Texto y fotos: Fátima Martínez
Vestía la 10 albiceleste de Messi, y me requirió que le tomara una foto. El niño rondaba los 12 años, posó y ni bien pedí una sonrisa me di cuenta de mi error.
Para los que visitabamos Al Za’atari, el campamento de refugiados sirios más grande del mundo, al noreste de Jordania, sonreír es parte de nuestra vida cotidiana. Una de las cosas más simples de la vida. Aunque tengamos nuestros “problemas”, las risas espontáneas no están ausentes.
Al realizar mi pedido noté que incluso sonreír era un problema para este joven aficionado del fútbol.
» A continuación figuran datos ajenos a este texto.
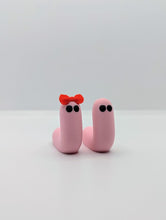 Load image into Gallery viewer, Worm Girlfriend | Boyfriend Figurine | My Girlfriend Turned Into A Worm | Cute Desk Accessory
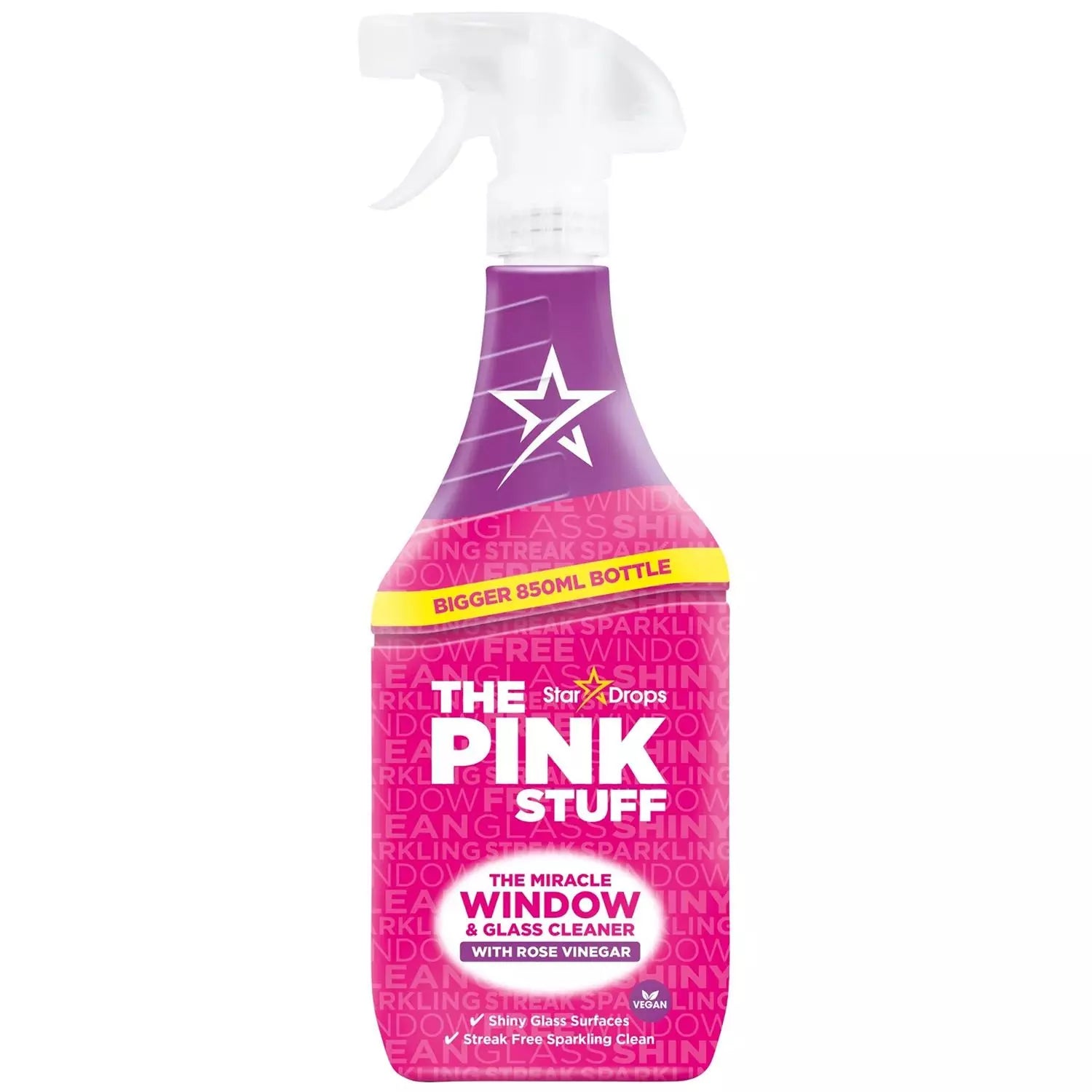 Pink Stuff Window & Glass Cleaner 850 ml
En ese mismo instante, antes de retratar a este niño sin nombre, imaginé todo lo que estampar esa sonrisa significaría para él: dejar atrás, olvidar por un momento, la guerra, las vidas pérdidas, el abandono del hogar, la pérdida de la niñez.
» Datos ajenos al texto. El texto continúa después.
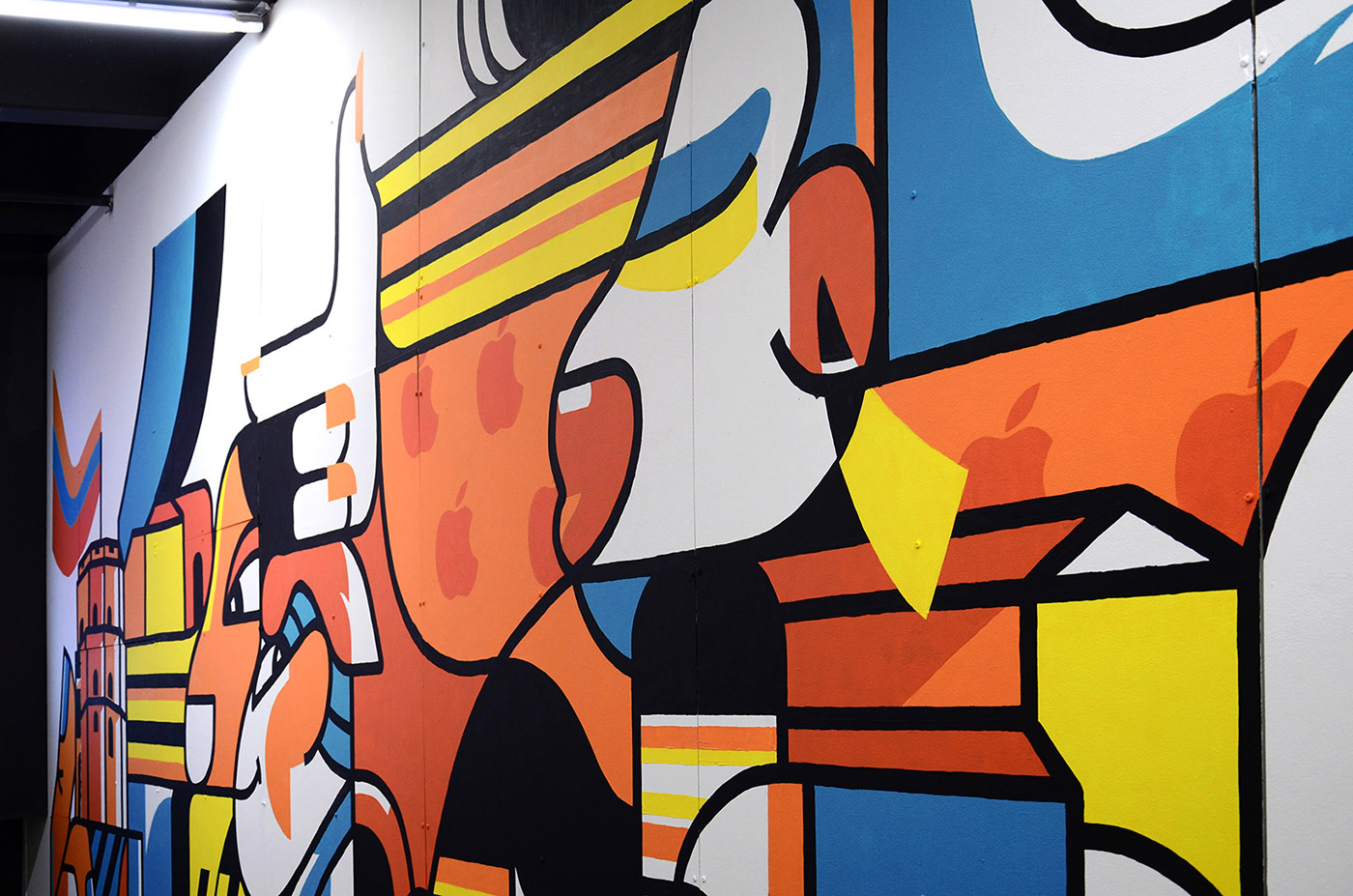 artanddesign ArtDirection ettoja lietuva lithuania Mural streetart vilnius wallart wallpainting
La inhumanidad lo había golpeado tan fuerte que mi pedido sonaba tan egoísta. ¿Cómo me atreví a pedirle algo tan complejo como una sonrisa?
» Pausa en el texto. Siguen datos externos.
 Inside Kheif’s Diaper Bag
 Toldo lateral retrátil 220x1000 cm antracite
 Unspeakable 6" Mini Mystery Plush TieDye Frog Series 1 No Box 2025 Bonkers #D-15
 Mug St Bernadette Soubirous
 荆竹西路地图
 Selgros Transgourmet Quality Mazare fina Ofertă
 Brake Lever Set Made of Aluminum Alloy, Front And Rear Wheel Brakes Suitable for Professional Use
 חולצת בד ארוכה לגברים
Mi foto no fue tan buena como me hubiera gustado, aunque el dio su mejor esfuerzo. Tan pronto se alejó jugando con su pelota, corriendo en pies descalzos, miré a mí alrededor e intenté imaginar una historia de pérdida, guerra y dolor por cada uno de los cientos de niños que ese día acudieron a la práctica. Todos intentando de alguna manera sonreír de nuevo.
Ese fue el momento en que dimensioné dónde estaba parada y qué tan fácil se nos da la vida en casa, comenzando por el hecho de poder llamar un lugar “nuestra casa”.
Rodeada por cientos de niños y niñas que corrían detrás de pelotas de fútbol, algunos descalzos, otros con zapatillas, en medio del desierto, a kilómetros de los escombros que hace un tiempo llamaban hogar. Ese fue el preciso instante en que el fútbol tuvo más sentido que nunca antes: jugar al fútbol era la forma en que estos niños sonreían a la vida.